# YOUR ASSIGNMENT
Transcribe the whole listing below without changing a word, but leave out every image.

# MATERIALS PROVIDED

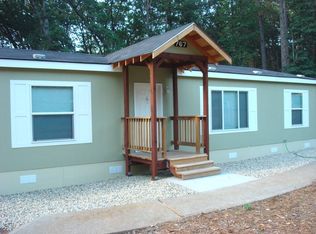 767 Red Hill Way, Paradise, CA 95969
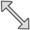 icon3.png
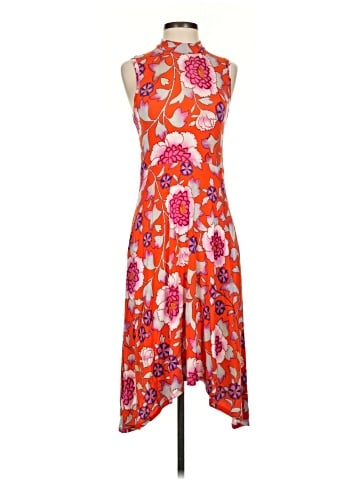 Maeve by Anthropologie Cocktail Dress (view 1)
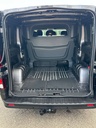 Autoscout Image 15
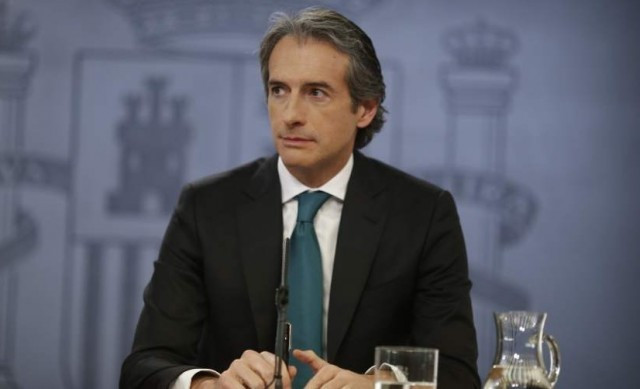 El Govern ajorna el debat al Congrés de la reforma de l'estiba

# RESPONSE
 767 Red Hill Way, Paradise, CA 95969
 icon3.png
 Maeve by Anthropologie Cocktail Dress (view 1)
 Autoscout Image 15
 El Govern ajorna el debat al Congrés de la reforma de l'estiba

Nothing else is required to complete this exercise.